Wasn’t I multi-purposing here? Who in our family is most enthusiastic about flowers and plants and thinks of them as key features in a beautiful life? Me.
The Orchid was already tainted by inflated expense and self-interest when I came across, by coincidence, if there is such a thing, these lines in Sylvia Plath’s poem, Fever 103: “Hothouse baby in its crib,/The ghastly orchid/Hanging its hanging garden in the air.”
Had I given the mother of a nine-month-old baby a totem of maternal exhaustion and even revulsion? I countered this morbidity — and if you look at them in a certain mood, Orchids are kind of spooky — by recalling a great line in The Great Gatsby where an exceptionally dazzling woman at a party is described as, “an orchid of a person.” It was in this sense the orchid was intended.

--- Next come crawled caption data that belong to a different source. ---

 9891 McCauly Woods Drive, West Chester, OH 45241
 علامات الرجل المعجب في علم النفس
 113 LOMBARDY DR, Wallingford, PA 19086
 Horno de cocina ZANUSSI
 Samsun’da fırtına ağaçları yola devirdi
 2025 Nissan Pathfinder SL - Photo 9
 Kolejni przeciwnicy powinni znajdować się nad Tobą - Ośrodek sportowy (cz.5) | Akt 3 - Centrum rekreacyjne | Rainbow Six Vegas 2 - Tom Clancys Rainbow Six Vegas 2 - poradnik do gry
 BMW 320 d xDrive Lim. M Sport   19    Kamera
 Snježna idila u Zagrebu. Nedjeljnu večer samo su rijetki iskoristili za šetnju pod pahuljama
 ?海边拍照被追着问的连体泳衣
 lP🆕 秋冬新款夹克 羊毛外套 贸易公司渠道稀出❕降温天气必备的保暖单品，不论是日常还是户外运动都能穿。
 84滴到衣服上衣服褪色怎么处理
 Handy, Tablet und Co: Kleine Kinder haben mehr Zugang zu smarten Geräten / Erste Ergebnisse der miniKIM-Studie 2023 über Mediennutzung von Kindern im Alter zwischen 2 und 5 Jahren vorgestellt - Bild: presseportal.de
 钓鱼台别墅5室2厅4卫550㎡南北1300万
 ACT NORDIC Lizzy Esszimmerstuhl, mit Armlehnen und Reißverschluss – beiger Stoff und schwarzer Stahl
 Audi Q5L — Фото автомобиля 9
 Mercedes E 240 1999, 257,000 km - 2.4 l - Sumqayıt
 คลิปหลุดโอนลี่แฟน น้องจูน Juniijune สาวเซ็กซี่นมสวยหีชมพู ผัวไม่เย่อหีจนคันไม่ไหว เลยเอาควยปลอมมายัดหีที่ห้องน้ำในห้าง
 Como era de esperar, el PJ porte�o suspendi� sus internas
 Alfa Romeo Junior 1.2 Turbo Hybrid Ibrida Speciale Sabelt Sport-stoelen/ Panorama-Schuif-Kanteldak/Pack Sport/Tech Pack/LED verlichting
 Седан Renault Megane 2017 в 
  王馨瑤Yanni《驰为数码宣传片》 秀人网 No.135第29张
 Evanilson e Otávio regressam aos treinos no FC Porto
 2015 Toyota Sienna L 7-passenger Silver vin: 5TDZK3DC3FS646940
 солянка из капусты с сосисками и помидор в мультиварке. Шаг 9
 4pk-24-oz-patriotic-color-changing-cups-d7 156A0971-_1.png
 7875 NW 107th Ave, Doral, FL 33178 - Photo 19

At any rate my wife was very happy to get her gifts, especially the orchid, which sits proudly on our credenza in front of a window. I like it and don’t want it to die.
I was instructed on its care: few ice cubes once a week. Simple enough. Except the ice maker in the freezer does not work. For a while it made a terrible knocking sound, a bit ghostly, which I was able to stop by applying the time honored repair technique of smacking the appliance on the side several times. Eradicating the knocking seemed like an accomplishment, and there things ended.
But we had no ice. I made a mental note to get ice trays. The mental note always got lost. When the orchid arrived the matter became more urgent. I made a physical note. Still, getting an ice tray was a challenge. One week led into the next. I poured little sips of water into the orchid, but the uncertainty about quantity and rhythm was upsetting. I looked at the plant closely, wondering if it was starving. The hanging garden was still hanging, but tenuously. But then isn’t that the beauty of an orchid?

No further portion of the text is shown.